§ Work task: Extract all of the entries and give them again, word for word.

[Records from a data source]

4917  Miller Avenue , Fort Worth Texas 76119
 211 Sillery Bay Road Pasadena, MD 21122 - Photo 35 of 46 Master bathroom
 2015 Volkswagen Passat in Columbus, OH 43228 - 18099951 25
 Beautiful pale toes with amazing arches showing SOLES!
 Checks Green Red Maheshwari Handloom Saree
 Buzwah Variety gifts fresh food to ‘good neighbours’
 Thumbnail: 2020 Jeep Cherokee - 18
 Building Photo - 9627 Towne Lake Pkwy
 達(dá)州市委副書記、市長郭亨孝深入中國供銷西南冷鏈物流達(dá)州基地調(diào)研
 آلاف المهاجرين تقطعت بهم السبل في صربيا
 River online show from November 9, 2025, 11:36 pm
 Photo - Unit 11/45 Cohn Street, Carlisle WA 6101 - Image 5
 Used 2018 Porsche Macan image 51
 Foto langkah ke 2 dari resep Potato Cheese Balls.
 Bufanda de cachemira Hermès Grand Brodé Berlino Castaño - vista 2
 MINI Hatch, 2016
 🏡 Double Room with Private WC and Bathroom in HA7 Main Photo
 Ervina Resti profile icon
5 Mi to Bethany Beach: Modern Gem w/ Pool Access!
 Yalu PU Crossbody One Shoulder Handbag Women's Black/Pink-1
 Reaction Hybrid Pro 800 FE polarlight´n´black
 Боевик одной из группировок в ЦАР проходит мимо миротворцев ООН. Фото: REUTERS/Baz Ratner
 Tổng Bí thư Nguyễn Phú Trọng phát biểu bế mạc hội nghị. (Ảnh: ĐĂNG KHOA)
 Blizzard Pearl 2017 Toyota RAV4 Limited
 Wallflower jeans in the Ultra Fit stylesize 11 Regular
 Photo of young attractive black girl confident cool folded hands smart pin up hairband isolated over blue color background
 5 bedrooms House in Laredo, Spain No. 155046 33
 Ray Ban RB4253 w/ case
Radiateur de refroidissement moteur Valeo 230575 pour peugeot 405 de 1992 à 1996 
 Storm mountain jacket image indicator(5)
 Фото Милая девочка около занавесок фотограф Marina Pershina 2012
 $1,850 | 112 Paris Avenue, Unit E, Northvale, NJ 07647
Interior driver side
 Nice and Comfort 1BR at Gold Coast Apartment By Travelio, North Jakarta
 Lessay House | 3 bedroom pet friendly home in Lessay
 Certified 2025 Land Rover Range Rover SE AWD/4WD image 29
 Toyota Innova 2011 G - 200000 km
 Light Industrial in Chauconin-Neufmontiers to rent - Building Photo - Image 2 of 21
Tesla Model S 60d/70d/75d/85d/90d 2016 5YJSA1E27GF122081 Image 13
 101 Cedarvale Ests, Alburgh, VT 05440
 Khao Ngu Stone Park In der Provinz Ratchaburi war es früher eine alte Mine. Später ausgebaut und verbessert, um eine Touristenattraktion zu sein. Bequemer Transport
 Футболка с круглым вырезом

§ Problem solution:
4917  Miller Avenue , Fort Worth Texas 76119
 211 Sillery Bay Road Pasadena, MD 21122 - Photo 35 of 46 Master bathroom
 2015 Volkswagen Passat in Columbus, OH 43228 - 18099951 25
 Beautiful pale toes with amazing arches showing SOLES!
 Checks Green Red Maheshwari Handloom Saree
 Buzwah Variety gifts fresh food to ‘good neighbours’
 Thumbnail: 2020 Jeep Cherokee - 18
 Building Photo - 9627 Towne Lake Pkwy
 達(dá)州市委副書記、市長郭亨孝深入中國供銷西南冷鏈物流達(dá)州基地調(diào)研
 آلاف المهاجرين تقطعت بهم السبل في صربيا
 River online show from November 9, 2025, 11:36 pm
 Photo - Unit 11/45 Cohn Street, Carlisle WA 6101 - Image 5
 Used 2018 Porsche Macan image 51
 Foto langkah ke 2 dari resep Potato Cheese Balls.
 Bufanda de cachemira Hermès Grand Brodé Berlino Castaño - vista 2
 MINI Hatch, 2016
 🏡 Double Room with Private WC and Bathroom in HA7 Main Photo
 Ervina Resti profile icon
5 Mi to Bethany Beach: Modern Gem w/ Pool Access!
 Yalu PU Crossbody One Shoulder Handbag Women's Black/Pink-1
 Reaction Hybrid Pro 800 FE polarlight´n´black
 Боевик одной из группировок в ЦАР проходит мимо миротворцев ООН. Фото: REUTERS/Baz Ratner
 Tổng Bí thư Nguyễn Phú Trọng phát biểu bế mạc hội nghị. (Ảnh: ĐĂNG KHOA)
 Blizzard Pearl 2017 Toyota RAV4 Limited
 Wallflower jeans in the Ultra Fit stylesize 11 Regular
 Photo of young attractive black girl confident cool folded hands smart pin up hairband isolated over blue color background
 5 bedrooms House in Laredo, Spain No. 155046 33
 Ray Ban RB4253 w/ case
Radiateur de refroidissement moteur Valeo 230575 pour peugeot 405 de 1992 à 1996 
 Storm mountain jacket image indicator(5)
 Фото Милая девочка около занавесок фотограф Marina Pershina 2012
 $1,850 | 112 Paris Avenue, Unit E, Northvale, NJ 07647
Interior driver side
 Nice and Comfort 1BR at Gold Coast Apartment By Travelio, North Jakarta
 Lessay House | 3 bedroom pet friendly home in Lessay
 Certified 2025 Land Rover Range Rover SE AWD/4WD image 29
 Toyota Innova 2011 G - 200000 km
 Light Industrial in Chauconin-Neufmontiers to rent - Building Photo - Image 2 of 21
Tesla Model S 60d/70d/75d/85d/90d 2016 5YJSA1E27GF122081 Image 13
 101 Cedarvale Ests, Alburgh, VT 05440
 Khao Ngu Stone Park In der Provinz Ratchaburi war es früher eine alte Mine. Später ausgebaut und verbessert, um eine Touristenattraktion zu sein. Bequemer Transport
 Футболка с круглым вырезом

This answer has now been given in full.